Here is the link: http://pubs.acs.org/cen/science/8045/8045sci2.html


Also, check out Gillco Ingredients: http://www.gillco.com/pages/antim.html
They have all sorts of natural ingredients that inhibit spoilage. Here's a little blurb on the site: Sorbates' effectiveness increases with greater acidity. Above pH 4.0, sorbates are more effective than sodium benzoate or sodium/calcium propionate. At pH 2.5 - 3.0, sorbates are still somewhat more effective than sodium benzoate as a yeast and mold inhibitor, and more than twice as potent as propionates.

Also, check out this food technology website: http://buyersguide.ift.org/cms/?pid=...ry%20additives
It has a list of worldwide companies that manufacture ingredients. It is a good resource for finding out the grass roots of food. I hope this helps you out. Have a nice day!


----------



## cookieguy

Cookies typically don't need a chemical preservative. Are you talking about preserving freshness as to texture - crisp or soft. Or are you talking about mold growth.

Crisp cookies and even the vast majority of soft cookies have too low a water activity to support mold growth.

If you are talking about crisp or soft - that is packaging. Crisp cookies absorb moisture from the air and go soft or "stale." Soft cookies will give moisture up to the air and go hard. If texture is the issue than both types of cookies should be sealed airtight immediately after cooling. Crisp cookies can stay crisp almost indefinately if packed correctly with the proper container. Soft cookies will stay soft for a while but eventually will harden anyway as the starches retrograde.


----------



## phartneck

theres actualy something new on the market thats good for preserving all foods including cookies. Its a CO2 pad, that you put in the fridge with your food and it puts CO2 into the air and keeps all food in the fridge preserved for much much longer then regularly


----------



## foodpump

Re-read my first post. If you want preservatives, NATURAL ones, subsitute some of the sugar, say 20%, with honey. Add in maybe 10% of the flour weight with raisins. 
These are very, very old tricks, used for centuries to keep baked goods moist and mold free. Not quite sure how they work, but they do work.
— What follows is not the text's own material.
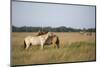 Przewalski Horses (Equus Ferus Przewalskii) Mutual Grooming, Hortobagy National Park, Hungary-Radisics-Mounted Photographic Print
Honey and raisins can be purchased almost anywhere, and most people can pronounce them too, as opposed to sodium benzoate....


----------



## mary wash

im looking to have safeway or some other companycarry my cookies in their store but i'm worried about the freshness. don't want the product to become stale while sitting on the shelf waiting for someone to purchase them. just trying to start a business and need to get all the paper work started. right now i'm doing a little research on preservatives to see if i really need a preservative or, do i just need airtight packaging.


----------



## mary wash

i have the same concern.


----------



## mary wash

wanna be pastry chef, thanks for the info.. why do you say you "WANT to be a pastry chef why not do what you  love to do? jump in with both feet and just do it..I'm going to take my own advice because i too want to be a pastry chef.. lets get busy!


----------



## flipflopgirl

Don't want to be the cookie Grinch, just askin' here.

Are you working from a licensed kitchen or maybe there is in place some sort of Cottage Food Law where you do your baking?

Have you taken any sort of classes, one being a Serv-Safe type or maybe a pastry class at your community college?

Yes, I am being nosey.

It is the type of nosey that will keep your customers healthy and everything you own still in your possession.

The question you are asking would be covered in either of those courses of which I speak ( maybe not specific to your secret recipe chocolate cookie, but in general terms)

You may have to extrapolate so as to be able to apply it to your specific situation.

Big corporations (heck, even the ma & pa cafes) are hesitant to extend contracts to small businesses unless you can show that you have a license and insurance and while I admit ingnorance of every state Cottage Law that is in place, most if not all require the customer to pick up the cookies (or whatever) from where it was made.

No deliveries.

They will want to see some sort of documentation that you will provide a product that is safe, has an detailed ingredient lable..can't have anyone pushing up daisies due to an anaphylactic reaction from that tiny bit of peanut that got missed when cleaning the KA, so that lable would need to include the info that your product is made in an environment that may include peanut/other nuts,( just an example), you may have never ever touched a peanut without steam cleaning the entire kitchen.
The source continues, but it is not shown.